ACTION ITEM ▸ Reproduce the records that follow exactly as they appear.

INPUT FOR THIS TASK ▸
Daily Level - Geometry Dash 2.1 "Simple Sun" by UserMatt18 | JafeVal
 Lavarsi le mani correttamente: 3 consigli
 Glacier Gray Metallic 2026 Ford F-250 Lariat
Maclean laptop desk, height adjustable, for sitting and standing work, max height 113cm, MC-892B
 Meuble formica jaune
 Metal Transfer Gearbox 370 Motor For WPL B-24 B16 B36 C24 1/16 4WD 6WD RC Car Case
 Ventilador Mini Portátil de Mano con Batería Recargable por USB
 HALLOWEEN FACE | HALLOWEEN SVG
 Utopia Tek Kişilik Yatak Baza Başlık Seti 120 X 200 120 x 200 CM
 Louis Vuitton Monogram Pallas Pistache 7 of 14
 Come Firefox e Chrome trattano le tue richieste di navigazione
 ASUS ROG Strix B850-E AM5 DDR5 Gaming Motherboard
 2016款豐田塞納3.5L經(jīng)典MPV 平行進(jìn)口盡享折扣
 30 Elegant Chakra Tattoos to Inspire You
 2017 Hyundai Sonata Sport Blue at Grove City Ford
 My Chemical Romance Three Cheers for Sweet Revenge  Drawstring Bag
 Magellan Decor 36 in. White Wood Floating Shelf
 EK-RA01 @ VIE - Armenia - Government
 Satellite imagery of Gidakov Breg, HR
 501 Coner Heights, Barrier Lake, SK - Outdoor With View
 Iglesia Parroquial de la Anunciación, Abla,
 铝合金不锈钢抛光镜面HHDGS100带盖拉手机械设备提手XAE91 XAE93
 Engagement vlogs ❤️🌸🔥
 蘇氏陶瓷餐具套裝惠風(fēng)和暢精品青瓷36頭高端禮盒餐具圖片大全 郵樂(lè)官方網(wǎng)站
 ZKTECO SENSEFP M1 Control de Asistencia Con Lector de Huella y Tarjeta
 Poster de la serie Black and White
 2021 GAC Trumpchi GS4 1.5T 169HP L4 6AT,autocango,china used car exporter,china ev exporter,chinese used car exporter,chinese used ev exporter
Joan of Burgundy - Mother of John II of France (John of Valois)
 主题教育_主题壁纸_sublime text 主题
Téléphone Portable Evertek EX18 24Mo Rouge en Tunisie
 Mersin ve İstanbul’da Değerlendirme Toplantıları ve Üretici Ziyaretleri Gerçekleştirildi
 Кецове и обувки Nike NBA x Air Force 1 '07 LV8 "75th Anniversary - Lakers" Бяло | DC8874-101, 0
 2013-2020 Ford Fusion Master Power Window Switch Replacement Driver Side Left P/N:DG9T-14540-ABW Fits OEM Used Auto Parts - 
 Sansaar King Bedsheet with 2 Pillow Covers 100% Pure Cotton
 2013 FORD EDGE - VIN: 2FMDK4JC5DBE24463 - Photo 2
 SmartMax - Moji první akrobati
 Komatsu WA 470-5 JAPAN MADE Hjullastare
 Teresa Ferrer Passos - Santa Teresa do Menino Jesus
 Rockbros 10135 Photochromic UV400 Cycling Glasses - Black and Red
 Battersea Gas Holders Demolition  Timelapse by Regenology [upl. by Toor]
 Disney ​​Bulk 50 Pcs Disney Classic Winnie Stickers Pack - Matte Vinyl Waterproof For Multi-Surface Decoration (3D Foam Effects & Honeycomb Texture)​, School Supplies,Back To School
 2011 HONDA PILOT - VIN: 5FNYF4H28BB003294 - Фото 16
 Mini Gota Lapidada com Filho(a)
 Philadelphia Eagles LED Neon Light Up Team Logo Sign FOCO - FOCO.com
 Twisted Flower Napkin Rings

SOLUTION TO THIS EXERCISE ▸
Daily Level - Geometry Dash 2.1 "Simple Sun" by UserMatt18 | JafeVal
 Lavarsi le mani correttamente: 3 consigli
 Glacier Gray Metallic 2026 Ford F-250 Lariat
Maclean laptop desk, height adjustable, for sitting and standing work, max height 113cm, MC-892B
 Meuble formica jaune
 Metal Transfer Gearbox 370 Motor For WPL B-24 B16 B36 C24 1/16 4WD 6WD RC Car Case
 Ventilador Mini Portátil de Mano con Batería Recargable por USB
 HALLOWEEN FACE | HALLOWEEN SVG
 Utopia Tek Kişilik Yatak Baza Başlık Seti 120 X 200 120 x 200 CM
 Louis Vuitton Monogram Pallas Pistache 7 of 14
 Come Firefox e Chrome trattano le tue richieste di navigazione
 ASUS ROG Strix B850-E AM5 DDR5 Gaming Motherboard
 2016款豐田塞納3.5L經(jīng)典MPV 平行進(jìn)口盡享折扣
 30 Elegant Chakra Tattoos to Inspire You
 2017 Hyundai Sonata Sport Blue at Grove City Ford
 My Chemical Romance Three Cheers for Sweet Revenge  Drawstring Bag
 Magellan Decor 36 in. White Wood Floating Shelf
 EK-RA01 @ VIE - Armenia - Government
 Satellite imagery of Gidakov Breg, HR
 501 Coner Heights, Barrier Lake, SK - Outdoor With View
 Iglesia Parroquial de la Anunciación, Abla,
 铝合金不锈钢抛光镜面HHDGS100带盖拉手机械设备提手XAE91 XAE93
 Engagement vlogs ❤️🌸🔥
 蘇氏陶瓷餐具套裝惠風(fēng)和暢精品青瓷36頭高端禮盒餐具圖片大全 郵樂(lè)官方網(wǎng)站
 ZKTECO SENSEFP M1 Control de Asistencia Con Lector de Huella y Tarjeta
 Poster de la serie Black and White
 2021 GAC Trumpchi GS4 1.5T 169HP L4 6AT,autocango,china used car exporter,china ev exporter,chinese used car exporter,chinese used ev exporter
Joan of Burgundy - Mother of John II of France (John of Valois)
 主题教育_主题壁纸_sublime text 主题
Téléphone Portable Evertek EX18 24Mo Rouge en Tunisie
 Mersin ve İstanbul’da Değerlendirme Toplantıları ve Üretici Ziyaretleri Gerçekleştirildi
 Кецове и обувки Nike NBA x Air Force 1 '07 LV8 "75th Anniversary - Lakers" Бяло | DC8874-101, 0
 2013-2020 Ford Fusion Master Power Window Switch Replacement Driver Side Left P/N:DG9T-14540-ABW Fits OEM Used Auto Parts - 
 Sansaar King Bedsheet with 2 Pillow Covers 100% Pure Cotton
 2013 FORD EDGE - VIN: 2FMDK4JC5DBE24463 - Photo 2
 SmartMax - Moji první akrobati
 Komatsu WA 470-5 JAPAN MADE Hjullastare
 Teresa Ferrer Passos - Santa Teresa do Menino Jesus
 Rockbros 10135 Photochromic UV400 Cycling Glasses - Black and Red
 Battersea Gas Holders Demolition  Timelapse by Regenology [upl. by Toor]
 Disney ​​Bulk 50 Pcs Disney Classic Winnie Stickers Pack - Matte Vinyl Waterproof For Multi-Surface Decoration (3D Foam Effects & Honeycomb Texture)​, School Supplies,Back To School
 2011 HONDA PILOT - VIN: 5FNYF4H28BB003294 - Фото 16
 Mini Gota Lapidada com Filho(a)
 Philadelphia Eagles LED Neon Light Up Team Logo Sign FOCO - FOCO.com
 Twisted Flower Napkin Rings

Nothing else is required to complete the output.